Venus with Mercury and two Graces
  • Johann Carl Loth
  • Munich 1632 - 1698 Venice
  • Venus with Mercury and two Graces
  • Pen and brown ink over traces of black chalk, partly heightened with white, framing lines with pen and ink and black chalk
  • on greyish-blue paper, on an old mount, unknown collector’s mark on the lower right
  • 133 × 168 mm
Provenance:
Christie’s London, April 1978, lot 113 (ill.)
Christie’s London, July 1993, lot 176
Collection Ralph Holland, Ham (Great Britain)

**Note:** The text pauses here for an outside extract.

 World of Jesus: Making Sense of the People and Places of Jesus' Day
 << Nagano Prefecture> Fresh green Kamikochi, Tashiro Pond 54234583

Soon after receiving an initial artistic training from his father, the young Carl Loth moved to Italy, where he was able to establish himself in Rome after only a short time and became known as Carlotto. Later, he founded his own workshop in Venice, which also rose in prominence as an important starting point for many south German Baroque painters. The emperor eventually honored his great artistic achievements by admitting him to the nobility.

This drawing, which is so typical for Johann Carl Loth in its style and especially its technique, finds a parallel in its motives as well. In the erstwhile collection of Janos Scholz, there exists an additional sheet from the artist’s hand with a representation of the three graces and Mercury, who receives flowers handed to him by Venus1.

The astrological motif of the lion in the upper left corner of our drawing could symbolize the summer, and the sheet may be associated with a series of representations of the Four Seasons.

  1. Fondazione Cini, Venice 1957: Disegni veneti della collezione Janos Scholz, exh. cat. no. 55 (ill.)